Anomaly detection also known as outlier detection is a data mining process used to determine types of anomalies found in a dataset and to determine details about their occurrences. Automatic anomaly detection is critical in today’s world where the sheer volume of data makes it impossible to tag outliers manually. Auto anomaly detection has a wide range of applications such as fraud detection, system health monitoring, fault detection, and event detection systems in sensor networks, and so on.
I was curious to see how different unsupervised ML algorithms (K-means clustering, Isolation Forest, One Class SVM, Gaussian Distribution) identify anomalies in a dataset.
I used a dataset from Personalize Expedia Hotel Searches, which can be found here.
For a simplicity of the analysis I selected:
- train.csv;
- one single hotel, which has the largest number of data points (prop_id = 124342);
- visitor_location_country_id = 219;
- search_room_count = 1;
- key features for the analysis: date_time, price_usd, srch_booking_window, srch_saturday_night_bool.
You need an installation of Python, plus the following libraries:
- numpy
- pandas
- matplotlib.pyplot
- seaborn
- sklearn
The price anomaly detection was done using 4 different methods (K-means clustering, Isolation Forest, One Class SVM, Gaussian Distribution (EllipticEnvelope)).
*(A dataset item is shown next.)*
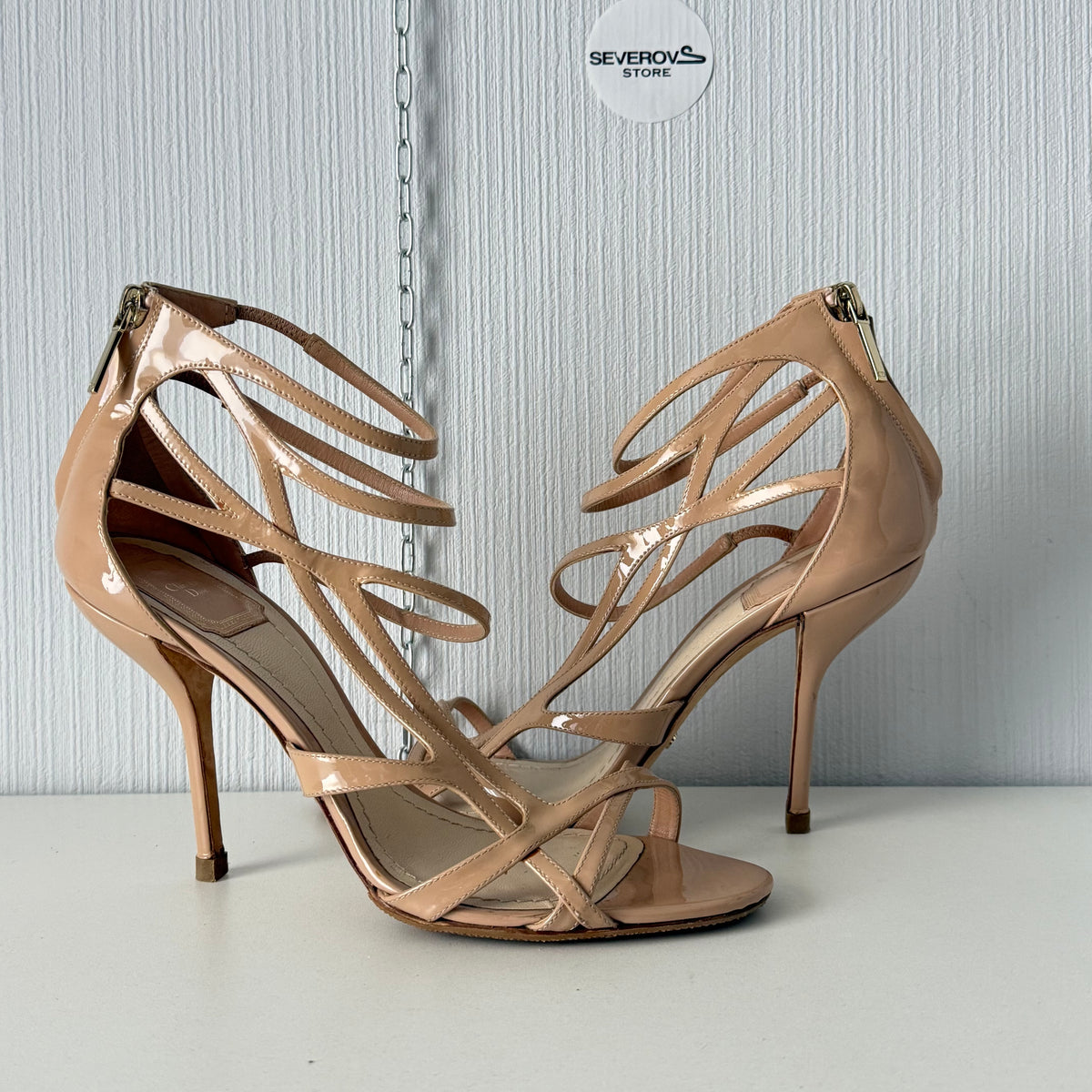 Dior Beige Patent Leather Double Strap Sandals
It is clear that the methods provide different results such as:
- With K-means clustering approach anomalies are found for apartments with ~ midium and high range of prices;
- The anomalies range for Isolation Forest technique belongs to both mid and high ranges of price for a rent. However, Isolation Forest techniques gives more anomalies in a higher range of prices than k-means clustering;
- With One Class SVM we could find anomalies for low, mid and high price ranges of a rent. Moreover, this is the only method which gives anomalies for a low range prices;
- With Gaussian Distribution method we got outliers in the upper range of price, while for other techinques we got a distribution of outliers within different ranges.
After building the models, we have no idea how well it is doing as we have nothing to test it against. Hence, the results of those methods need to be tested in the field before placing them in the critical path.